Under proposals unveiled by the European Commission on Wednesday, access to subsidies in clean technology, heavy industry and carmaking would be granted to manufacturing in as many as 40 trusted partners including the UK, provided they offer reciprocal access to EU-based manufacturers.
“It’s a change of doctrine that was unthinkable just a few months ago,” said EU internal market commissioner Stéphane Séjourné. “We must support our strategic sectors.”
The Industrial Accelerator Act is intended to bolster European industry against cheaper imports from Asia. It aims to streamline permitting for all manufacturers, with the goal of raising manufacturing’s share of the bloc’s GDP from 14.3 per cent in 2024 to 20 per cent by 2035.
US restrictions on public procurement for European companies mean American groups are unlikely to qualify for the subsidies, officials said.
The proposal marks a departure from Séjourné’s initial ambitions that mirrored a French desire to focus exclusively on EU-based manufacturers, according to people familiar with discussions.
President Emmanuel Macron has repeatedly argued that European public money should “reduce our dependencies in strategic sectors”, pushing for a “European preference” that ties state support to production within the bloc.
But other countries have pushed back against this protectionist approach, resulting in the Commission’s proposal to include partners with existing trade agreements in the act. The plans split the Commission, with directorates at odds over whether to include third countries, according to people familiar with the proposals.
As a result, the focus shifted on reducing Europe’s reliance on trade partners such as China, at a time when the European industrial base is struggling to compete on the global stage, another official said.
The act will restrict foreign investments of more than €100mn from countries with over 40 per cent of global production in strategic sectors, including batteries, solar panels and nuclear power.
These investments will have to ensure at least 50 per cent of workers are from the EU, that local companies are involved in the manufacturing process and companies transfer technological knowhow to European partners.
Such measures will aim to avoid situations where Chinese manufacturers open factories in the bloc but employ solely Chinese workers and do not partner with local businesses.
Officials had initially targeted up to 70 per cent local content thresholds for some strategic sectors.

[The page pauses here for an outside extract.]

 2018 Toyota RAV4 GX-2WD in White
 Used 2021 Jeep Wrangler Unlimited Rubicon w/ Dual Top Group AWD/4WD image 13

This target will now be set for components in cars excluding batteries, in line with current levels in a bid to protect jobs.
Other requirements include measures to ensure a limited number of battery components, including the cell, are made in Europe. Targets have also been set for aluminium and cement.
The European car sector may still find these measures insufficient, as it remains dependent on batteries made in Asia for many of its cars and also manufactures some vehicles destined for Europe in regions such as north Africa.
The proposals must be negotiated with member states and the European parliament before they become law.